→ What is needed
Beginning with the line that contains "Lace manicure on short nails", reproduce every line through the end of the records below exactly, and leave the pictures out.

→ Dataset
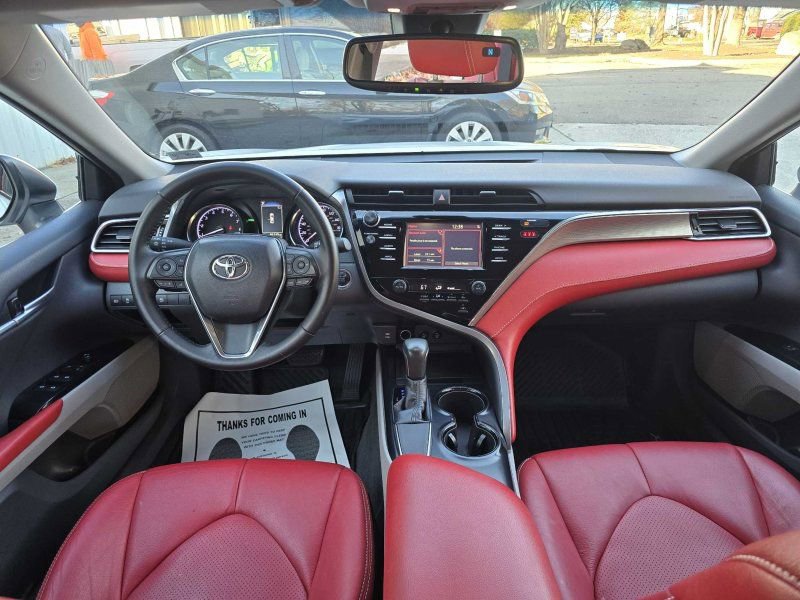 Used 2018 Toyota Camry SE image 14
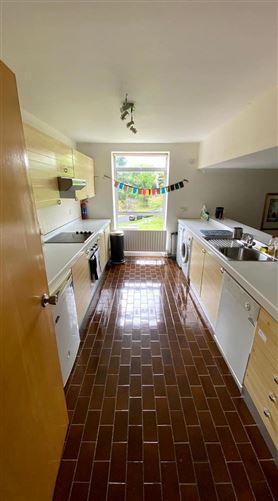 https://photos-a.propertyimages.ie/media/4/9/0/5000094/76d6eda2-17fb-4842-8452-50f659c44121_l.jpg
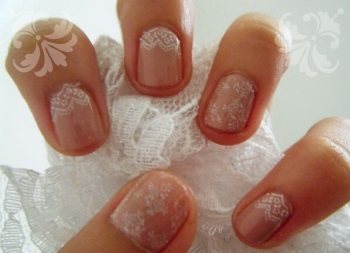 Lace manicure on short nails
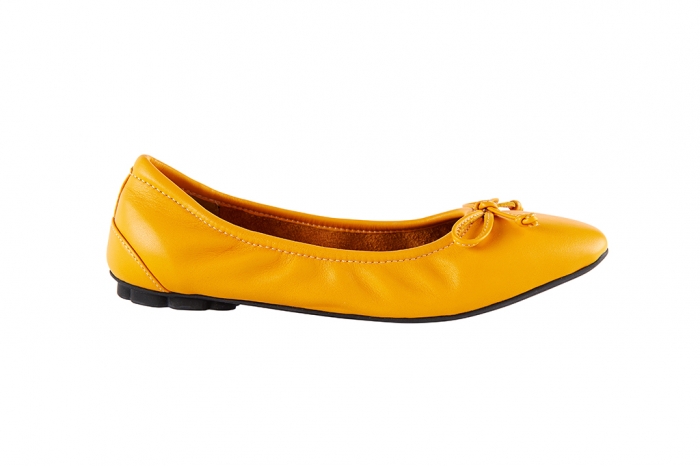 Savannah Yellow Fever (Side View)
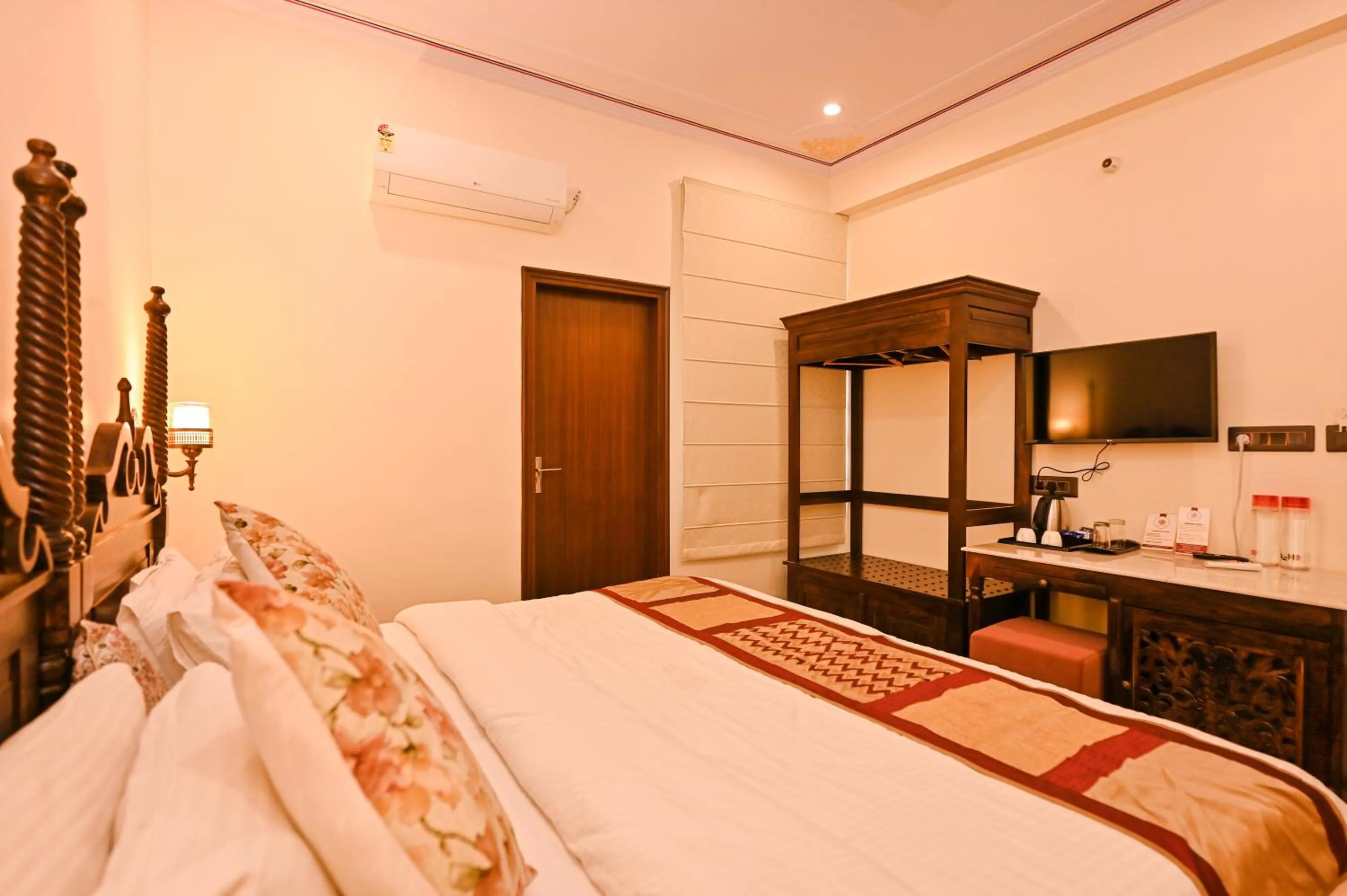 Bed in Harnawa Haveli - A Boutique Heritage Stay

→ Reply to the exercise
 Lace manicure on short nails
 Savannah Yellow Fever (Side View)
 Bed in Harnawa Haveli - A Boutique Heritage Stay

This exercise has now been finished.